Even if you could pay in cash, from the sounds of things, your net worth (liquid net worth at a minimum) is pretty low, so tying up that much of your cash in a depreciating asset that doesn't make a
significant upgrade to your life (you already have a car!) doesn't sound like a very good deal at all.
Yes, some people around here I'd argue are debt-adverse to a fault. Debt can be a great tool to help you get ahead in life. You financed a degree of some sort. Likely that will prove long-term to have been worth it: very positive return on investment if done right. Sometimes going into debt makes sense to start a business; the potential upside can be very high if you know what you're doing. Real estate investors use debt all the time. Financing a house to live in can also be productive.
But all of those things can go very south if you leverage the wrong opportunity with debt. Your degree might not get you where you think it will pay-wise, your business might tank a year in, your real estate investments might go bad and lose six-figures overnight, your house might turn out to be on a sinkhole infested with mutant fruit-worshiping baboons. The potential upside has to be valuable enough (and likely enough) to be worth that risk!
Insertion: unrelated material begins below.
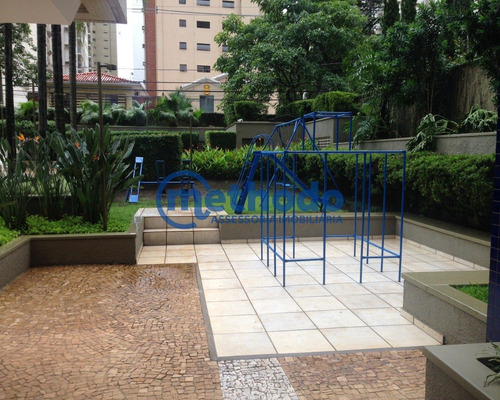 Apartamento Para Locação Cambuí Campinas Sp - Ap00377 - 68380207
Using "debt isn't always bad" (which I do agree with) to justify financing a new car without
a damn good reason is fallacious. A car rental company or a taxi company probably buys new cars with debt every day. But that's a calculated investment that uses leverage intelligently to accelerate business growth and wealth creation. You're not doing that.
Just go ahead and get it over with. Change your name to ReadySetComsumerSucka and join the rest of the new car buying crowd.
Figured it wouldn't take long for a personal attack that didn't answer the question. Heaven forbid I've driven older cars my whole life and--GASP--I'm looking at a car that will cost $14,000 after trade-in.
I'm 28 and have had only two cars in my life: a 2001 Nissan Maxima (which I drove from about 2004 to 2007) and a 2008 Ford Focus (2007 to present).
This does not compute. You've driven a three year old car until it was six years old, and a brand new car until it's eight years old (so far). Where are the "older cars" in this story?
OP, I really hope you don't think we're ganging up on you and attacking you. We're trying to help you. Cars are an area where it's really easy to talk yourself in making irrational decisions that end up costing you thousands. And every car decision cascades through more decisions the rest of your life, for better or worse. Foolishly buying more car than you need is far more boat-anchor-on-finances life-damaging than say, buying a new $2 bottle of ketchup every day instead of refrigerating the first one after opening. But you'd probably call that being fiscally irresponsible.